The administration has begun to move toward making Yale a more environmentally enlightened institution. This year, the University has attempted to raise the profile of its School of Forestry and Environmental Studies. This week, President Levin and Provost Richard pledged $1 million toward a plan to clean up operational and management procedures and to improve the University’s somewhat dismal reputation for environmental responsibility.
In an article last year in the Chronicle of Higher Education, Dartmouth professor Noel Perrin evaluated 20 college recycling plans and ranked Yale’s second to last. “Poor Yale,” the article said, was woefully behind many other schools in the amount of waste we recycle each year. We recycle 19 percent of our waste, he said, as compared to 35 percent at nearby Brown or an enviable 65 percent at Middlebury.
The following summer, Richard convened the Advisory Committee on Environmental Management, composed of University faculty, staff and students and chaired by industrial ecology professor Thomas Graedel. The committee’s yearlong project, summarized in a report to Richard last April, was to evaluate Yale’s standing environmental policies and advise the administration on ways to improve them.
The advisory committee, once established, went on to break down into five subcommittees — design, construction and renovation, energy and water use, land use, and purchasing and waste management — which recommended 11 actions to directly improve the University’s environmental performance and two environmental initiatives for the campus.
In a response to the committee issued Friday, Richard divided the proposals into three categories: individual actions of modest expense that could be implemented right away; more sizeable and costly projects; and systemic plans that would require broad modification of University operating procedures.
The committee’s suggests covered broad ground, advocating the creation of a “Green Web site” under the auspices of the provost’s office; the implementation of an “Environmental Open House” — a colloquial counterpart to Yale’s environmental graduate school — with food, prizes, and promotional items to raise awareness of recycling and conservation among members of the Yale community; the placement of public recycling receptacles and “attractive recycling containers” around campus; and the creation of more committees to investigate the possibility of larger-scale reforms.
Richard has asked the committee to prioritize its 30 pages of suggestions so the University could begin putting the allocated funds toward tangible effects. It is absolutely critical that the administration follow through with its commitment to significantly alter the way Yale approaches its ecological obligations and focus not just on smaller changes that can be made immediately with the allocated funds. Awareness will be good; more recycling bins will be better; but an ongoing commitment to keeping environmental issues a priority will be ideal.

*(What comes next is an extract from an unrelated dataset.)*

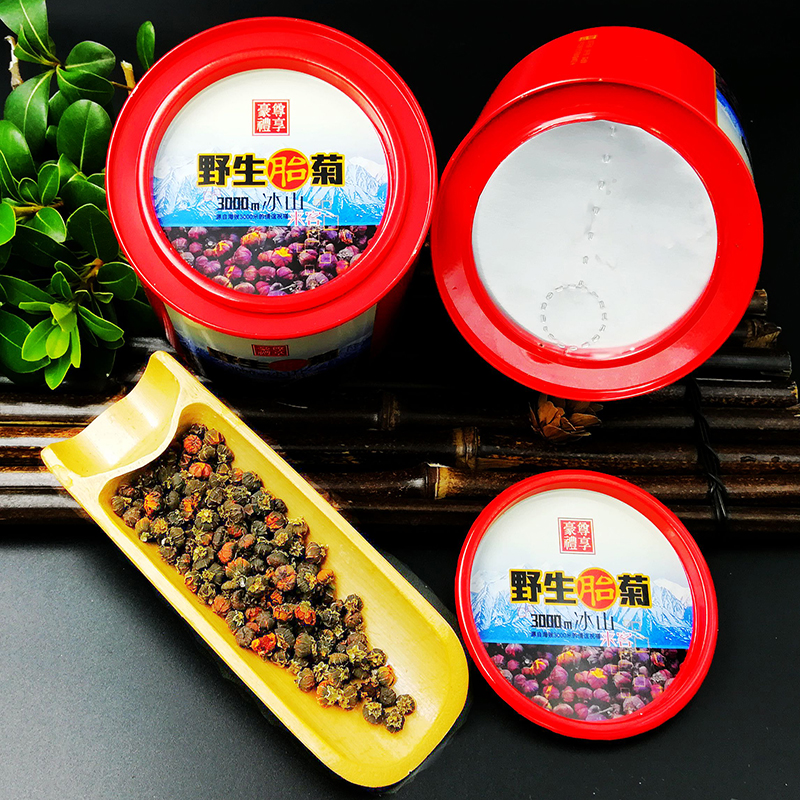 天山雪菊茶雪菊昆仑雪菊胎菊王野生特级新疆特产高山冰山野菊花茶 天山雪菊茶雪菊昆仑雪菊胎菊王野生特级新疆特产高山冰山野菊花茶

Yale can raise its profile as an ecologically-savvy school by continuing to focus on its environmental education programs, both inside the classroom and in the larger community, and by following the committee’s thoughtful proposals to completion. The administrators who rightly appointed the committee have grand hopes of a greener Blue. But they should remember that “Poor Yale’s” reputation for environmental conscious will only be as strong as Yale’s actual environmental improvements.